Konstruktive Bildbearbeitung

Der große Vorteil von Photoshop gegenüber einfacheren Bildbearbeitungsprogrammen oder Apps ist die Möglichkeit, nicht-destruktiv, also konstruktiv zu arbeiten.

Das bedeutet, jede Änderung die am Bild gemacht wird ist wiederrufbar bzw. der Vorzustand jederzeit wiederherstellbar.
Um das zu erreichen, sollte man in Photoshop immer mit Ebenen arbeiten.

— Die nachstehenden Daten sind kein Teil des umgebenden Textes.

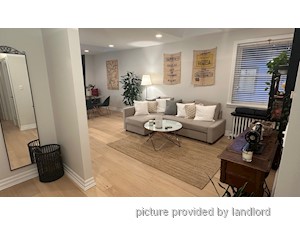 2 Bedroom apartment for rent in TORONTO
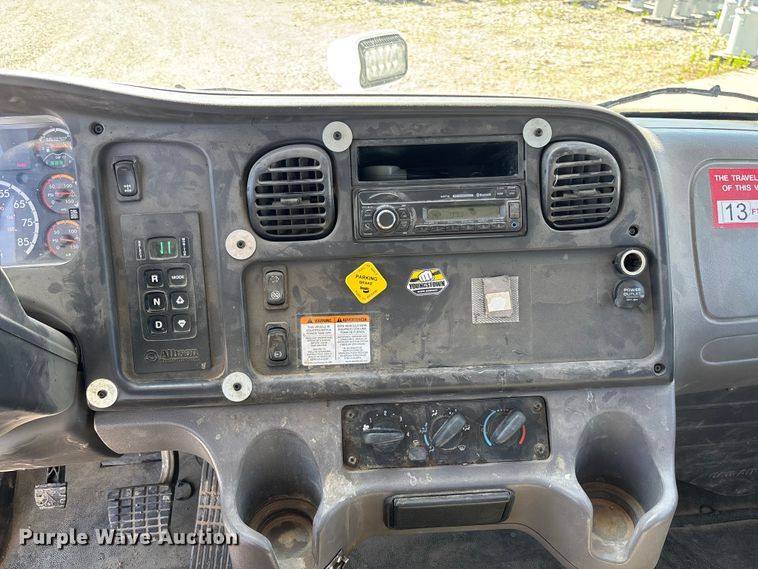 image for item FC1690 2017 Freightliner Business Class M2 bucket truck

Auf dieses lassen sich Änderungen vornehmen, ohne die Ebene darunter destruktiv zu beeinflussen. Das Originalbild liegt als Hintergrund jederzeit vor und kann, falls nötig, wiederhergestellt werden. Dazu sollten alle Anpassungen auf eigenen, dafür vorgesehenen und erstellten Ebenen passieren. 

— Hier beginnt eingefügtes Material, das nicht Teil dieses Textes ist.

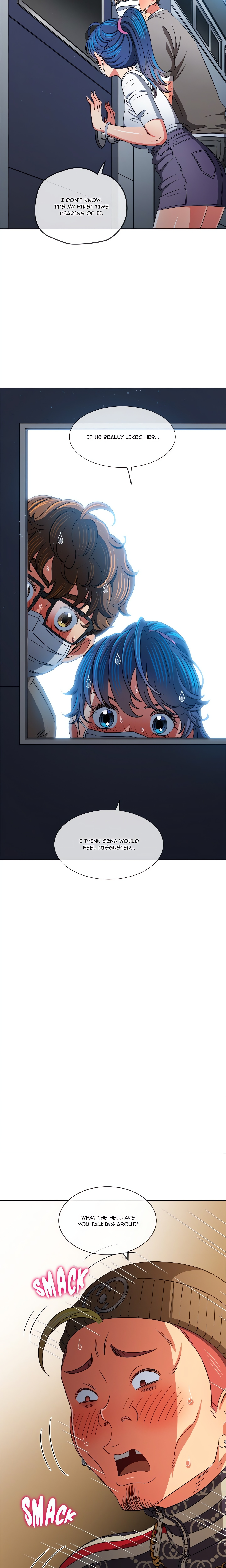 My High S Page 17 - MangaHe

Einstellungsebenen eignen sich beispielsweise hervorragend, um Eigenschaften wie Helligkeit, Farbton, Sättigung zu ändern oder Effekte wie Schwarz-Weiß oder Fotofilter anzuwenden. Die Einstellungsebenen lassen sich dabei beliebig in der Deckkraft variieren und auch jederzeit wieder löschen. Ein weiterer Vorteil ist, dass die Einstellungsebene selbst immer wieder bearbeitet und verändert werden kann.  
Um das Bild direkt zu verändern, etwa beim Stempeln oder Verflüssigen ist es ratsam, das Originalbild über Strg+J zu dublizieren um auf dieser neuen Ebene zu arbeiten.  

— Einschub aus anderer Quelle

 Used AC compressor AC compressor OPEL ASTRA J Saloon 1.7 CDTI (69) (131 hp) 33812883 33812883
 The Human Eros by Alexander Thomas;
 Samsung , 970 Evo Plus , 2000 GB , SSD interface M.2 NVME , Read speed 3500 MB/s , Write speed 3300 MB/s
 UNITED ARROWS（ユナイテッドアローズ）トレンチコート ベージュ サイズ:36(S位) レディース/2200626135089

Zur konstruktiven Arbeitsweise gehört auch die Verwendung von Smart-FIltern, diese lassen sich, anders als normale Filter, auch nach dem Anwenden auf das Bild noch in ihren Einstellungen variieren. Der Nachteil der konstruktiven Bildbearbeitung ist, dass relativ schnell viele Ebenen und Smart-Filter entstehen, die die Performance des Rechners stark beeinträchtigen können. Auch steigt der Speicherplatz-Bedarf einer konstruktiven-Datei stark an, je mehr Ebenen mit aufgenommen werden.
Dennoch sollte aus heutigen Gesichtspunkten auf die konstruktive Bildbearbeitung nicht verzichtet werden. 

Smart-Objekt
Das Öffnen von Raw-Bildern als Smart-Objekte bietet vielfache Möglichkeiten. Dabei greift Photoshop auch bei der weiteren Bearbeitung direkt auf das RAW auf der Festplatte zu. Das bedeutet, man kann auch nach der Bearbeitung noch Änderungen im RAW machen.

Ebenenorganisation
Ebenen lassen sich in Photoshop in Gruppen und Ordnern organisieren. Auch lassen sich bestimmte Farben den jeweiligen Ebenen zuordnen. So behält der Bearbeiter den Überblick und kann schneller auf bestimmte Bearbeitungsschritte zugreifen. Ebenenbenennung nicht vergessen.